**TASK DESCRIPTION:**
Once you find the line with "SMELLS BEGONE Air" in the listing below, set down exactly every line from it through the line with "Лимфоциты, имеющие рецепторы", but no pictures.

**DATASET EXTRACT:**
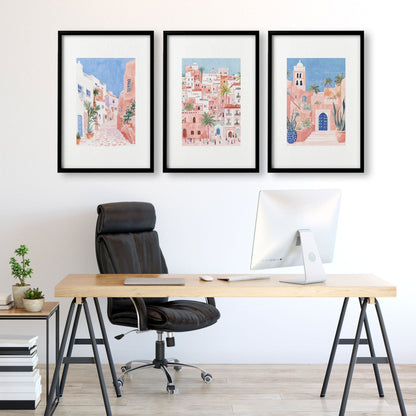 Large Wall Framed Art | Set of 3 Beach Decor Wall art Prints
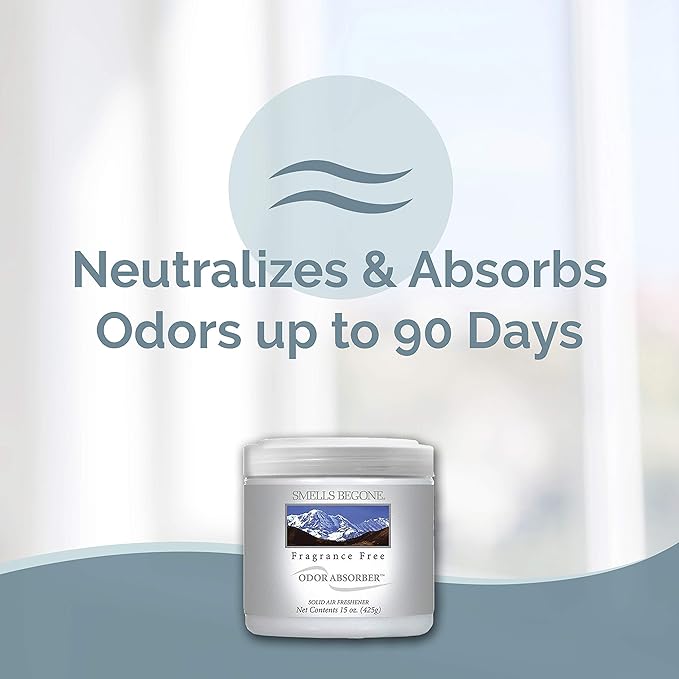 SMELLS BEGONE Air Freshener Odor Absorber Gel - 15 oz, Pack of 2 - Absorbs and Eliminates Odor in Pet Areas, Bathrooms, Cars, & Boats - Made with Essential Oils - Fragrance Free-Mewly Pet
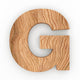 3D Wood Font Character "G" Wall Decal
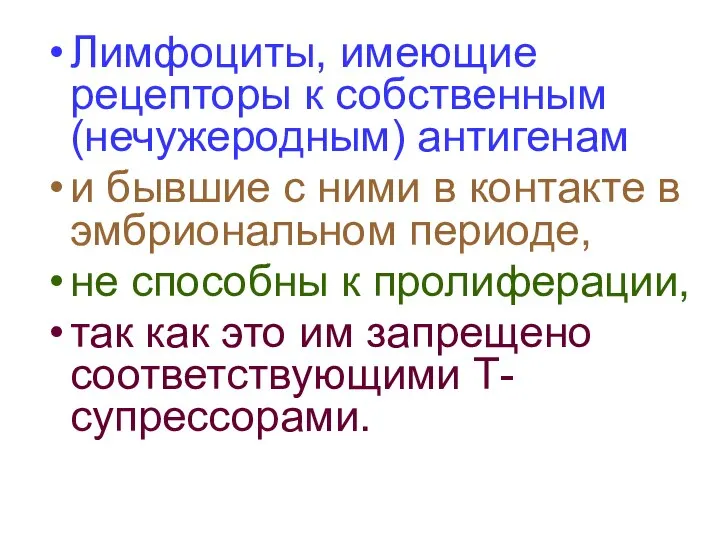 Лимфоциты, имеющие рецепторы к собственным (нечужеродным) антигенам и бывшие с ними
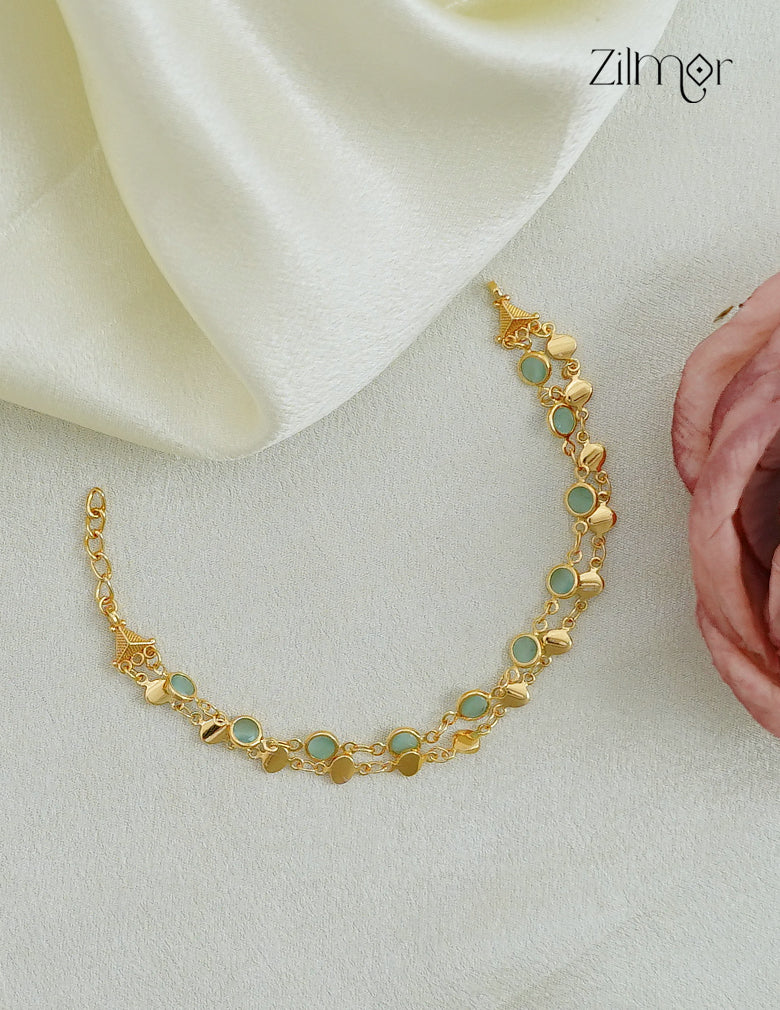 18K Gold Plated Double Layer Semi Precious Stone Bracelet - KY1012571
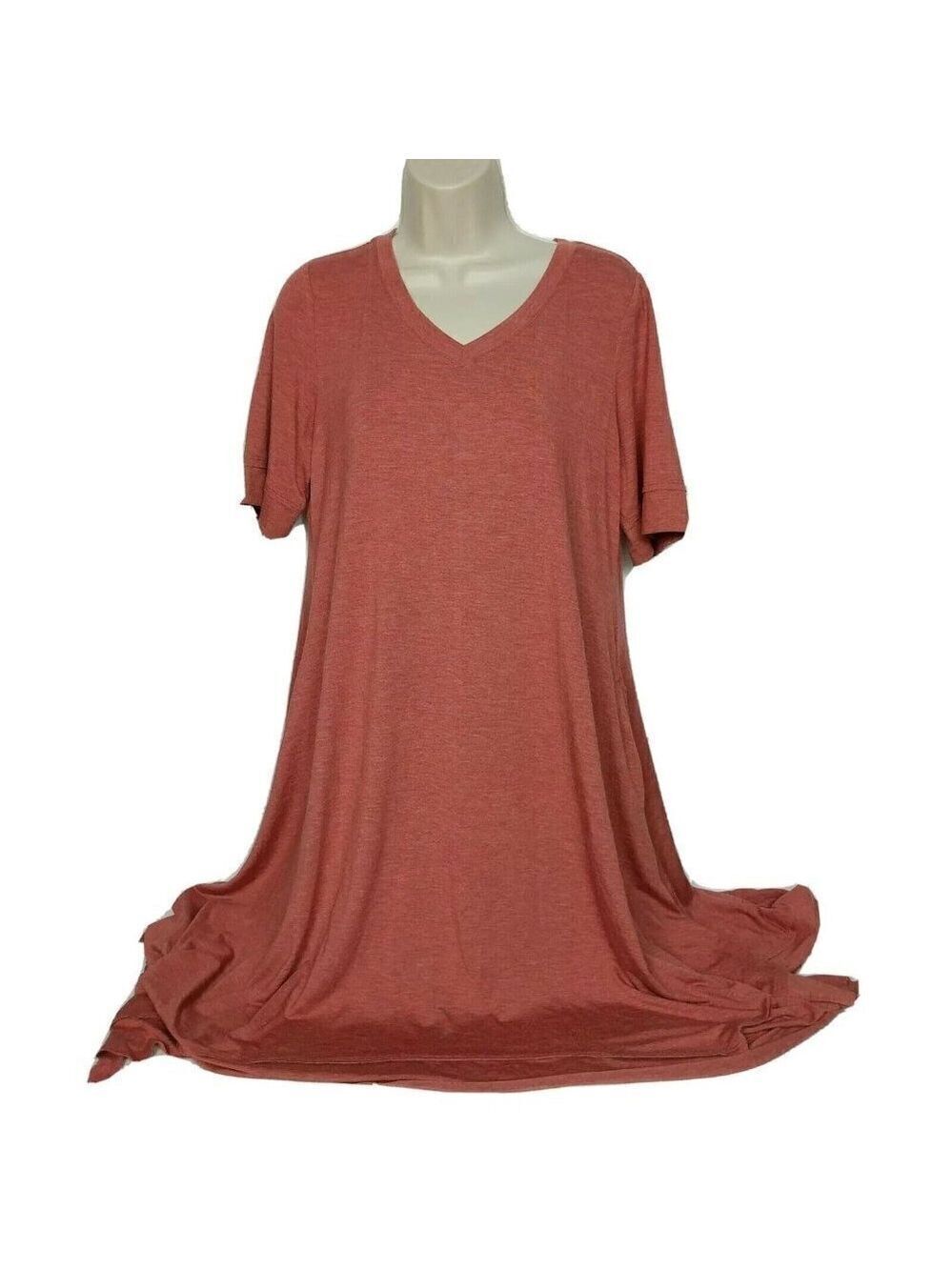 LOGO Lounge Lori Goldstein Red Orange Jersey Dress Medium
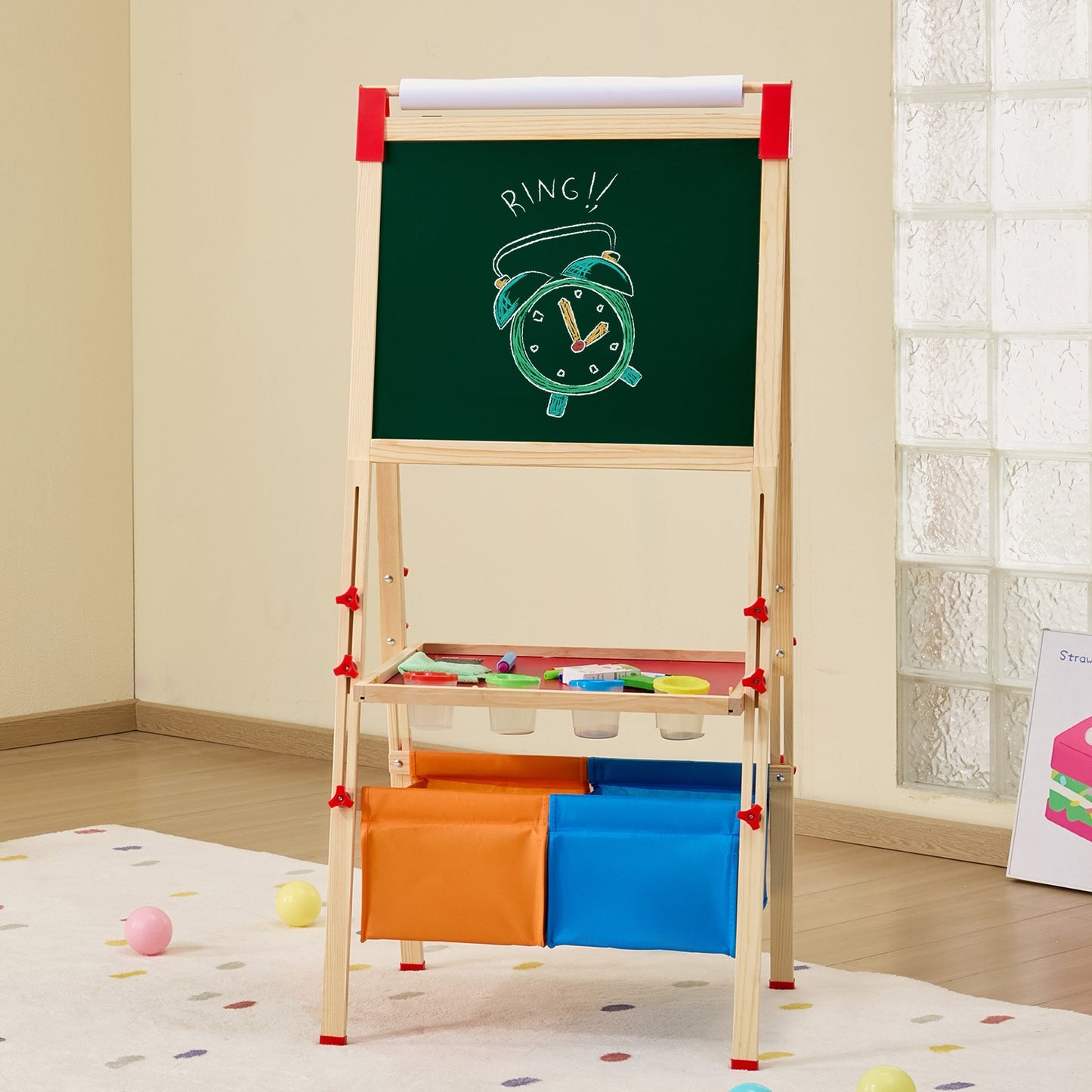 US Local 3-in-1 Kids Art Easel Double-Sided Wooden Magnetic Whiteboard Chalkboard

**ANSWER TO THIS PROBLEM:**
 SMELLS BEGONE Air Freshener Odor Absorber Gel - 15 oz, Pack of 2 - Absorbs and Eliminates Odor in Pet Areas, Bathrooms, Cars, & Boats - Made with Essential Oils - Fragrance Free-Mewly Pet
 3D Wood Font Character "G" Wall Decal
 Лимфоциты, имеющие рецепторы к собственным (нечужеродным) антигенам и бывшие с ними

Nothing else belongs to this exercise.